◆ TO DO ◆
Write out exactly the lines of the entries below from the one holding "Baylis & Harding" to the one holding "Selecting the AISC", inclusive, and leave out all other lines.

◆ EXTRACTED ENTRIES ◆
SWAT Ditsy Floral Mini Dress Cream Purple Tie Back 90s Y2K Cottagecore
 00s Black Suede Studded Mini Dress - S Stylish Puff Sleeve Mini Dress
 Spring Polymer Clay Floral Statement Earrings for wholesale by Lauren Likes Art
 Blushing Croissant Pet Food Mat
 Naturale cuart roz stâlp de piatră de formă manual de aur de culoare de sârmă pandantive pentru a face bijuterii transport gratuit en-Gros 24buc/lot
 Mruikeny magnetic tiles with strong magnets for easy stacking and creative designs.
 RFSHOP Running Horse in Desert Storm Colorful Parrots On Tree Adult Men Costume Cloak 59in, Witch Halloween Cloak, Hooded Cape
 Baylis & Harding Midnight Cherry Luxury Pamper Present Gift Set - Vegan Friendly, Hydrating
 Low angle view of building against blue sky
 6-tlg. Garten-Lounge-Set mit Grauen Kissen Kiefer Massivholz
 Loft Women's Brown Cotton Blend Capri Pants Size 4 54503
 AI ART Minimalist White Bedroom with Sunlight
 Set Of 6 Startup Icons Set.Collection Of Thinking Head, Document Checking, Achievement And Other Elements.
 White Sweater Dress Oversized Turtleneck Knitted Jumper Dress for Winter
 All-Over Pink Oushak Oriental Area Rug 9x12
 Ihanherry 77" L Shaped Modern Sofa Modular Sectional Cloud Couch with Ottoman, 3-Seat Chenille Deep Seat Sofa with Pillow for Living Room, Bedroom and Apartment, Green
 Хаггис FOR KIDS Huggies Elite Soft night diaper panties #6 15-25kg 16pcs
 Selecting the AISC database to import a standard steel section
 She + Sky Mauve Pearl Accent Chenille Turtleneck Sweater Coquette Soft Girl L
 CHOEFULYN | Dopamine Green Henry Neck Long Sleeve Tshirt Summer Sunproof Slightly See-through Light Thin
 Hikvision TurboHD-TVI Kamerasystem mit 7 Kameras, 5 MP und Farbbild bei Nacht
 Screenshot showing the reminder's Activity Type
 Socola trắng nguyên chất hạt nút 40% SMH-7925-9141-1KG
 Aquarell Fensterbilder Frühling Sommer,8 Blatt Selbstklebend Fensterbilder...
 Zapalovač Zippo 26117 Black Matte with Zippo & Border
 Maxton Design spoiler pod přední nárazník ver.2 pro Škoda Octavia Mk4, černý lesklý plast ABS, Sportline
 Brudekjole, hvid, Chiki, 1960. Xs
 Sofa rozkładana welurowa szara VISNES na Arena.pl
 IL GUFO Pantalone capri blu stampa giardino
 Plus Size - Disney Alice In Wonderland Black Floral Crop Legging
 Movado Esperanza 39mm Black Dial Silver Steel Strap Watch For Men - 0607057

◆ OUTPUT FOR THIS EXERCISE ◆
 Baylis & Harding Midnight Cherry Luxury Pamper Present Gift Set - Vegan Friendly, Hydrating
 Low angle view of building against blue sky
 6-tlg. Garten-Lounge-Set mit Grauen Kissen Kiefer Massivholz
 Loft Women's Brown Cotton Blend Capri Pants Size 4 54503
 AI ART Minimalist White Bedroom with Sunlight
 Set Of 6 Startup Icons Set.Collection Of Thinking Head, Document Checking, Achievement And Other Elements.
 White Sweater Dress Oversized Turtleneck Knitted Jumper Dress for Winter
 All-Over Pink Oushak Oriental Area Rug 9x12
 Ihanherry 77" L Shaped Modern Sofa Modular Sectional Cloud Couch with Ottoman, 3-Seat Chenille Deep Seat Sofa with Pillow for Living Room, Bedroom and Apartment, Green
 Хаггис FOR KIDS Huggies Elite Soft night diaper panties #6 15-25kg 16pcs
 Selecting the AISC database to import a standard steel section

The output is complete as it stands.